> **Problem statement**
Please give back the lines from the line containing "Louis Vuitton Epi" through the end of the listing below, exactly as written and without pictures.

> **Data block**
========

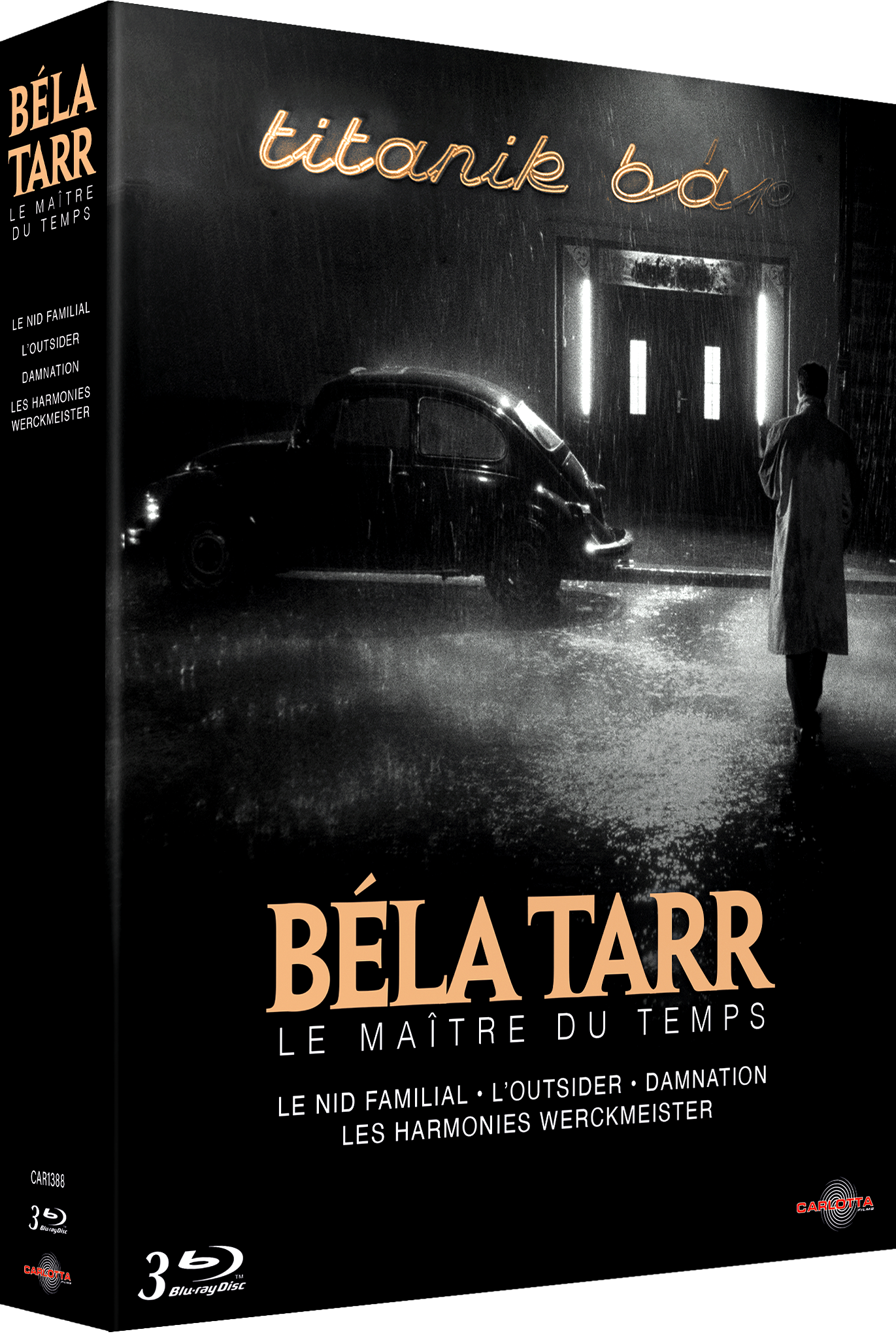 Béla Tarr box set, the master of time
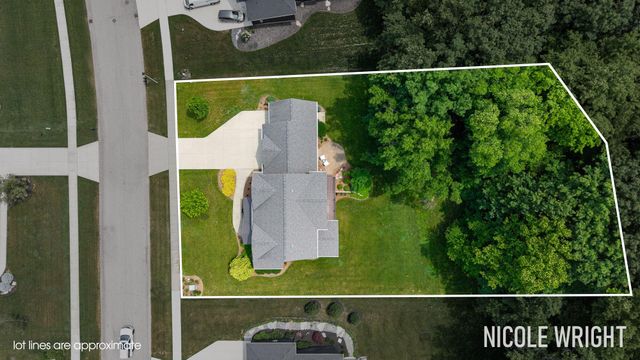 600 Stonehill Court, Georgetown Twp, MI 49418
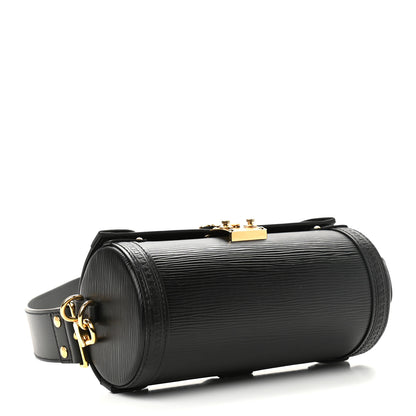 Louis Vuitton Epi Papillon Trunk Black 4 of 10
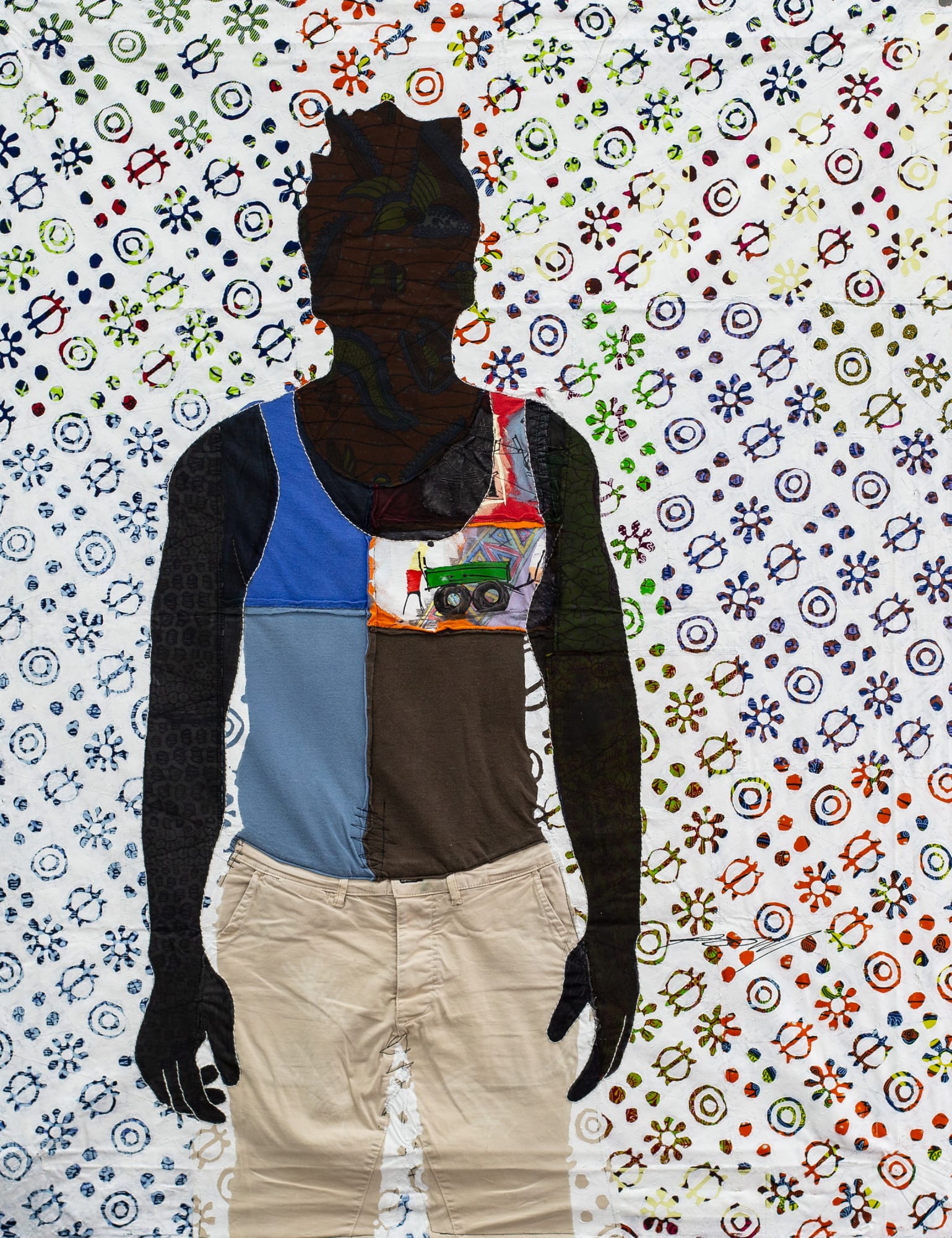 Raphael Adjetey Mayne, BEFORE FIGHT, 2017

========

> **Task response**
 Louis Vuitton Epi Papillon Trunk Black 4 of 10
 Raphael Adjetey Mayne, BEFORE FIGHT, 2017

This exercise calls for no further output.